**DIRECTIONS:** Identify and pull out each line of the entries in which "foto" occurs.

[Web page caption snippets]
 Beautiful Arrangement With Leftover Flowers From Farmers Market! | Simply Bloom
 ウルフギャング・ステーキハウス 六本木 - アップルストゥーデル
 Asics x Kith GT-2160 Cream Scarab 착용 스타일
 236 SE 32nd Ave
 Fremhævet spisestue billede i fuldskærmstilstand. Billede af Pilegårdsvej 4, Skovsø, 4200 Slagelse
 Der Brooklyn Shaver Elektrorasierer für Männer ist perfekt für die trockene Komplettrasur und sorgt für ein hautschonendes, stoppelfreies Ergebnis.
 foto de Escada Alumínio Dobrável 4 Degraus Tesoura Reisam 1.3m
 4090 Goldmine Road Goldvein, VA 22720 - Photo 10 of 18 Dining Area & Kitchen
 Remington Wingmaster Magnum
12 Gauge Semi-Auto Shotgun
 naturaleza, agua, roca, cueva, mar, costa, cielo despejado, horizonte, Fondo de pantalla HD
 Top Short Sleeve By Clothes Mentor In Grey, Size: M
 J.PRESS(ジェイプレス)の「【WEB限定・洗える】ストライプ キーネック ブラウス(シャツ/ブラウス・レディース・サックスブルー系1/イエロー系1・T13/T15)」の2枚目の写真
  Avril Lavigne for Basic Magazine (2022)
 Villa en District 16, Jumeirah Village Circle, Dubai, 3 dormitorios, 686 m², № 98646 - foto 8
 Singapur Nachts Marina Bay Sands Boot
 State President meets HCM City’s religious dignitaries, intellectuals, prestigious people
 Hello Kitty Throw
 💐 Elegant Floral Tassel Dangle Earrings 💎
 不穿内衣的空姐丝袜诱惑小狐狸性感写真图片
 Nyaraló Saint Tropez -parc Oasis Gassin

**OUTPUT OF THE EXERCISE:**
 foto de Escada Alumínio Dobrável 4 Degraus Tesoura Reisam 1.3m
 Villa en District 16, Jumeirah Village Circle, Dubai, 3 dormitorios, 686 m², № 98646 - foto 8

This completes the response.